Ione Saldanha e Etel Adnan: Duas Coloristas
Ione Saldanha (1919-2001) e Etel Adnan (1925-2021) jamais se conheceram pessoalmente. Tampouco viram a obra uma da outra. Ione era brasileira e viveu quase a vida toda no Rio de Janeiro; Etel era libanesa e viveu entre Paris e São Francisco. Em 2012, a Documenta de Kassel dedicou uma sala à pintura de Adnan. Àquela altura eu preparava uma retrospectiva de Saldanha para o MAM-Rio, Fundação Iberê Camargo e MON. Surpreendeu-me imediatamente as afinidades entre as duas: a vibração da cor, a sensibilidade lírica, o contato poético com a natureza. Ambas fizeram da pintura um exercício de maravilhamento pautado nas composições cromáticas. Construção e natureza se reúnem e se potencializam nas suas poéticas.
Ambas trabalharam à margem dos movimentos de vanguarda, sem deixarem jamais de experimentar com as linguagens visuais. No caso de Adnan, o trabalho com a poesia e com a escrita caminhou paralelamente à produção pictórica. Seus Leporellos desdobram e integram escrita e pintura, concebendo em páginas sanfonadas, articuladas no espaço, uma caligrafia cromática singular. Saldanha foi densificando a matéria cromática sobre a tela até saltar para o espaço nas ripas, bobinas e bambus. Ambas viveram até o limite em uma zona de transição entre uma sensibilidade moderna que fazia da pintura um exercício de depuração da forma visual e uma urgência contemporânea que afirmava o trânsito entre linguagens, suportes e materialidades poéticas.
Nesta exposição, que ensaia um primeiro diálogo entre estas duas artistas, temos ainda a articulação de suas obras com a arquitetura brutalista e oxigenada de Paulo Mendes da Rocha. Volumes abertos integram a forma construída com o entorno natural, diálogo este muito caro a estas duas artistas que cresceram e viveram perto do mar, das montanhas e da luz natural. Quiçá seja a procura pelas variadas formas de deixar a luz penetrar no espaço, seja pictórico, seja arquitetônico, o que reúne esta casa e estas obras.
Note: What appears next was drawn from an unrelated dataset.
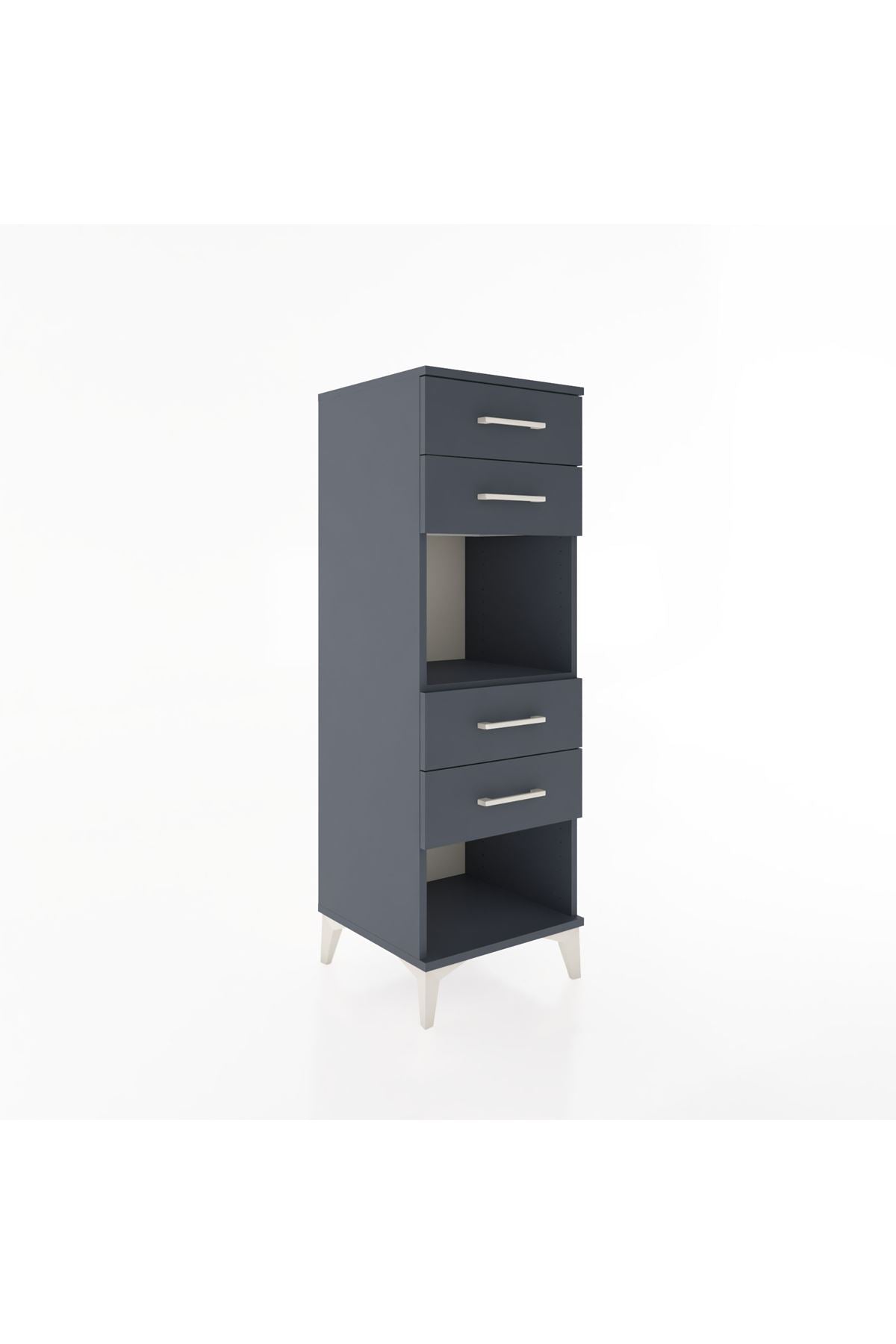 Hyperion Dolap Tek Raflı 4 Çekmeceli 44x44x134 - S49M082V5B
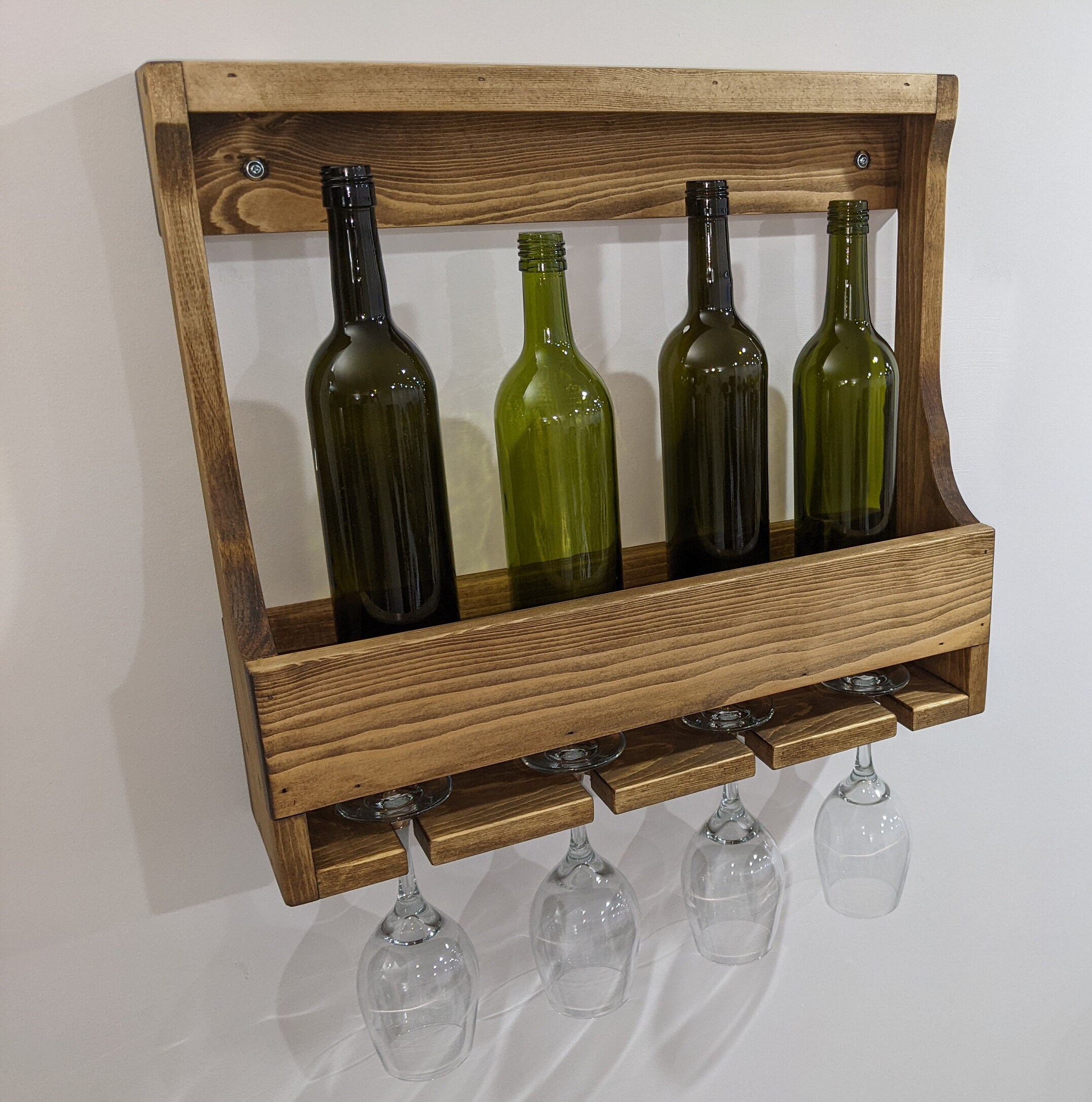 Wood wine glass shelf hotsell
Por fim, a certeza de que a trajetória de Ione Saldanha merece ser cada vez mais vista, estudada e conhecida. Há nela essa capacidade única de juntar a experimentação com a linguagem pictórica e a desaceleração da percepção. Este diálogo franco com a pintura mais tardia de Etel Adnan, por mais pontual que seja, revela um lugar singular de ambas na história da arte da segunda metade do século XX.